Em busca de reduzir sua enorme dívida, a Petrobras está realizando um plano bilionário de vendas de ativos nos últimos anos, que enfrentou grande resistência de sindicalistas e outros setores, que em parte conseguiram frear os desinvestimentos com medidas judiciais.
"Com a entrada de Castello Branco o sinal é que a direção é essa mesmo (de venda de ativos), mas o governo agora vai ter que explicar o plano que estará em vigor, se será mantido ou se será modificado no sentido de ser mais liberal ainda", afirmou Almeida, para quem o novo CEO enfrentará forte oposição de sindicalistas.
Em entrevista ao jornal O Estado de S. Paulo nesta segunda-feira, Castello Branco indicou que sua gestão continuará com vendas de ativos da Petrobras para focar em seus negócios principais e seguirá buscando a redução do endividamento.
POSTURA DE CHANCELER
O primeiro desafio de Castello Branco em relação à independência do governo poderá ser o fim do programa de subsídio ao diesel, criado como uma resposta do governo federal à histórica greve de caminhoneiros em maio, como forma de atender aos pleitos de redução dos preços do combustível.
Bolsonaro, à época, apoiou entusiasticamente a greve.
O programa termina em 31 de dezembro, e o governo de transição ainda não anunciou se irá implementar alguma medida para suavizar os impactos do fim da subvenção.
Uma fonte próxima a Castello Branco disse à Reuters que o economista tem traquejo muito bom, é uma pessoa experiente e que saberá lidar de forma eficiente com o governo.
"Roberto tem certa postura de chanceler", disse a fonte, defendendo ainda que o economista é considerado também muito focado, estudioso, preparado e extremamente comprometido.
"Fez um trabalho brilhante na Vale, pegou área de relações com investidores naquela fase pós-privatização, quando houve o lançamento das ações no exterior, época do primeiro 'investment grade' da Vale", disse a fonte, destacando que o grau de investimento foi algo inédito, obtido antes mesmo do Brasil.
OPOSIÇÕES
O diretor da Federação Única dos Petroleiros (FUP), que compreende 12 sindicatos de petroleiros, Deyvid Bacelar, afirmou ver o cenário atual preocupante, independentemente do presidente escolhido, por acreditar que o próximo governo já manteria as privatizações da Petrobras.
"A situação da privatização, com o governo que infelizmente foi eleito, iria continuar a todo vapor.

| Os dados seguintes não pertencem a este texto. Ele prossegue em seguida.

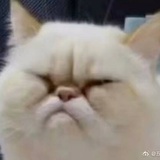 青辞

Tem que ver a velocidade agora, se será mais rápido ou não", disse Bacelar, que foi Conselheiro da Petrobras na mesma época de Castello Branco.
O líder sindical destacou que, enquanto dividiu a mesa do Conselho da Petrobras com Castello Branco, viu no economista uma pessoa acessível e que considerava ponderações apresentadas por Bacelar, que representava os funcionários no colegiado.
Bacelar também recordou que Castello Branco teve um papel importante na criação de comitês que discutiam e assessoravam decisões do Conselho de administração da Petrobras.
"Sabemos dos desafios por ser um governo neoliberal e por ele (Castello Branco) também concordar com essa forma de gerir o país. Teremos um desafio grande, sem dúvida nenhuma", disse Bacelar.